* [Problem to work on]: Quote all of the data exactly as given. Skip every picture it contains.

* [Collected data]:
--*--
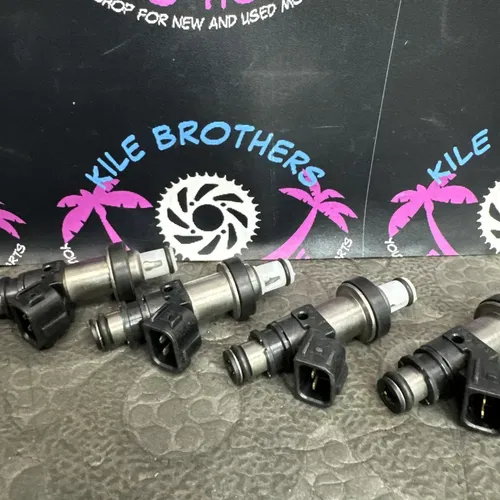 2007 Suzuki GSXR750 OEM THROTTLE BODY FUEL INJECTORS 15710-01H00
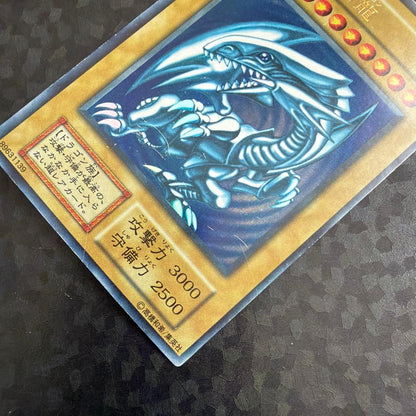 Yugioh Duel Monsters Blue-Eyes White Dragon Ultra Rare early version trading card Japan import
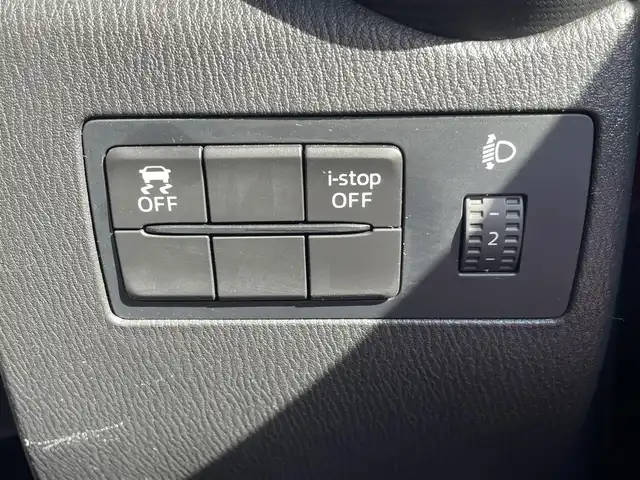 マツダ デミオ 13S 熊本県 2015(平27)年 9.5万km ソウルレッドプレミアムメタリック 純正ナビ/【ワンセグテレビ/Bluetooth/USB/AM/FM】/バックカメラ/ステアリングスイッチ/アイドリングストップ/横滑り防止/MTモード/プッシュスタート/HID/ヘッドライトレベライザー/スマートキー/スペアキー/ドアバイザー/取扱説明書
--*--
* [Expected answer]:
 2007 Suzuki GSXR750 OEM THROTTLE BODY FUEL INJECTORS 15710-01H00
 Yugioh Duel Monsters Blue-Eyes White Dragon Ultra Rare early version trading card Japan import
 マツダ デミオ 13S 熊本県 2015(平27)年 9.5万km ソウルレッドプレミアムメタリック 純正ナビ/【ワンセグテレビ/Bluetooth/USB/AM/FM】/バックカメラ/ステアリングスイッチ/アイドリングストップ/横滑り防止/MTモード/プッシュスタート/HID/ヘッドライトレベライザー/スマートキー/スペアキー/ドアバイザー/取扱説明書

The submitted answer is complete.